Он отрицательно покачал головой.

— Нет, не может быть. Я тебя убил.

— Нет. Ты бы никогда не причинил мне вред. Милый, ты все перепутал. Ты освободил Алину, а меня не нужно было освобождать. Твой папа помог мне.

— Алину? — пораженно переспросил он. — Но как? Я же помню, я же видел как ты… а я…

— Олег, но я жива.

Он смотрел на меня вытаращенными, испуганными глазами, а рот безмолвно открывался и закрывался. Снял шапку и взъерошил волосы, больно потянув за кончики. Выражение серых глаз отражало внутреннюю борьбу. Я видела то безумный блеск, словно там, за радужками плясали тени невидимых существ — как он сам всегда говорил, «его бесов», то осмысленный и серьезный взгляд, который я так хорошо знала.

— Но тогда… — промямлил он, хватая меня за руку, — все, что я думал, все мои мысли и воспоминания… они не мои. Аля, ты жива! — воскликнул он, словно сообщая мне эту новость. Я быстро кивала и улыбалась, следя за эмоциями, отражающимися на любимом лице. Радость, понимание, шок, недоверие, гнев.

— Милый, ты болен, — мягко сказала я, — тебе нужна помощь.

— Мне нужна ты, — взмолился он. Бездонные глаза наполнились слезами, он уткнулся мне в колени, прося ласки, и я положила обе руки ему на голову, принялась гладить и зачем-то дуть, словно минус пятнадцати по Цельсию не хватало, чтобы остудиться. Просто так надо было, я чувствовала.

— Аля, у меня болит голова. Так сильно болит. Все перемешалось. Мне очень больно.

— Потерпи, — прошептала я, продолжая гладить и одновременно кивая санитарам, что пора. Как только к нам приблизился персонал больницы, Олег вскочил на ноги, начал возмущаться и сопротивляться. Он боялся расставаться со мной, ему требовалось мое присутствие, как физическое доказательство того, что беда, которая убивала его последние недели, ненастоящая. И я была рядом все то время, что потребовалось. Держала его за руку, шептала бессмысленный слова, а он жаловался на нетерпимую головную боль, отказываясь от обезболивающего.

Ему на самом деле было больно. Лицо и тело горели, температура поднялась на два градуса. Моральная, психологическая боль каким-то образом переросла в физическую.

— Не нужно лекарств, я хочу мыслить ясно, — просил он, и Игорь шел на уступки. Олегу понадобилось двое суток, чтобы понять и убедиться, что мы снова вместе. Он хватался за меня, до боли сжимая ладони, смотрел мне в глаза и по тысяче раз просил повторять, что я живая. Не знаю, как описать его состояние. Это была борьба реальности с безумными идеями, порожденными болезнью. Мы оба балансировали над ямой, обителью его демонов, не желающих, чтобы он снова поверил в возможность счастья.

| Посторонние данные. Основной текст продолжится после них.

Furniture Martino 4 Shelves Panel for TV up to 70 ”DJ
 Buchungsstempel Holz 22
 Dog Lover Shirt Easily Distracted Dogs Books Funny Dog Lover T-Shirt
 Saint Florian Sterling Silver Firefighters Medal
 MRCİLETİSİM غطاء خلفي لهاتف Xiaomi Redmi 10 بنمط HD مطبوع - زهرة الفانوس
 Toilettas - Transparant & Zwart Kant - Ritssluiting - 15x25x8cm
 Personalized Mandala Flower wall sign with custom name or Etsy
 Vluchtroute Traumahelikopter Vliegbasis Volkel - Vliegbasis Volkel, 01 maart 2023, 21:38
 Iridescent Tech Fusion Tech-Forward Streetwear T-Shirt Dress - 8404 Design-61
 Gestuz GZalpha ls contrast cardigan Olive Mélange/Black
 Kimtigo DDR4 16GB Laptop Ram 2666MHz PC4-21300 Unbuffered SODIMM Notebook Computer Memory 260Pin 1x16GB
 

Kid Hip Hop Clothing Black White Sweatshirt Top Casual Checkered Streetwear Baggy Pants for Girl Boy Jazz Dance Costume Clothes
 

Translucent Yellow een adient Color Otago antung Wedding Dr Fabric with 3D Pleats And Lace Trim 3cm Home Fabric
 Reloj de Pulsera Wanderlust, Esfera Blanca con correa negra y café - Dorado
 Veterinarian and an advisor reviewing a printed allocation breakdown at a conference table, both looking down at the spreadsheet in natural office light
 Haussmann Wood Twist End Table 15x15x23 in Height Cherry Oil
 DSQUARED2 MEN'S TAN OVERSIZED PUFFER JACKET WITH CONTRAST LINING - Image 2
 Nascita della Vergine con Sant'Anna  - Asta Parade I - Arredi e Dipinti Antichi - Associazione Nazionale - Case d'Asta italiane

Но я была жива. И все порожденные недугом аргументы разбивались об этот факт вдребезги. Я поддерживала практически непрерывный телесный контакт — то гладила его, то держала за руку, или просто обнимала, и он вновь смог выбраться, потому что очень этого хотел. Каждой клеточкой я чувствовала, что он смотрел на меня и видел перед собой новый смысл жизни. Более значимый, чем профессия. А я в тридцать три года, наконец, начала жить так, как хотела. Сделала выбор, и с тех пор ни разу о нем не пожалела…

Быструю пронзительную речь взволнованной девушки перебил скрип открывшейся двери.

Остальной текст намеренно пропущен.